Travis Scott has reached a deal with a concert promoter to have a $200,000 lawsuit against him dropped.
Sources tell us the $217,500 deposit was returned to the show's organizers and the case will be dismissed.
We’re told the person who booked Scott was not his official booker and the rapper had never agreed to do the show. One source called it a simple situation of someone jumping the gun and saying they could get Travis when they couldn’t.
Celebrity powerhouse attorney, Perry Wander, tells The Blast that the lawsuit filed by Empire Music Ventures has been settled in full to the satisfaction of both parties.
As The Blast first reported, the lawsuit was filed earlier this month by Empire Music Ventures against Scott accusing him of fraud and breach of contract.
The suit claimed Scott had entered into a contract to perform at the 2019 Rhythm, Wine & Brews Experience, held on the Empire Polo Grounds, the same place as the famous Coachella music festival.
The deal was for Travis Scott to be paid $400,000 for a 75-minute show in March. The company claimed to have paid a $217,500 deposit.
Empire Music Ventures claimed they struck the deal with Scott and the manager of his company, called The Odd Group, on November 7, 2018. They claimed that after the deposit was paid on December 3, Scott’s people called and canceled the performance with no explanation.

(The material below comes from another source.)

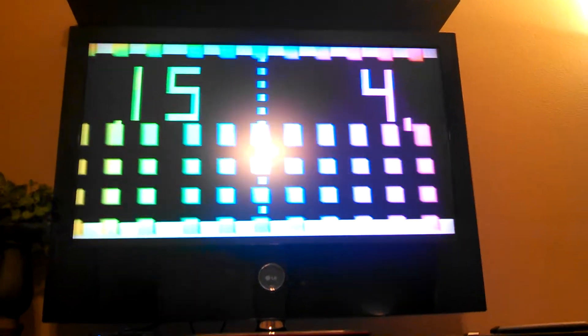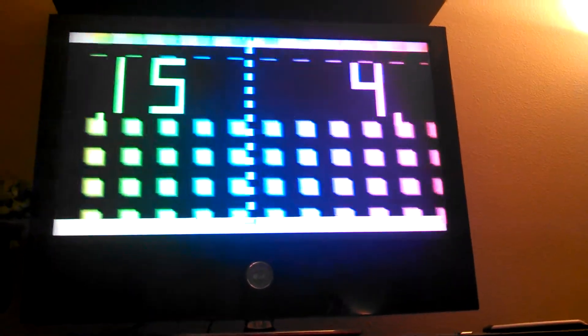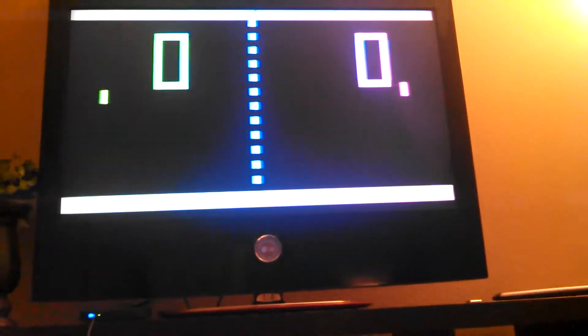Now we have Pong in high-definition. Turn off the overhead light. Come over here and start it up — don't wiggle it too much.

The organizers were left hanging in the wind and were forced to pull the plug on the entire festival. The same day they claimed to have paid Scott, they released a message saying, “Due to a last minute cancellation by our festival headliner, we have no other choice than to cancel the 2019 Rhythm, Wine & Brews Experience.”
The lawsuit has now been resolved to the satisfaction of all parties.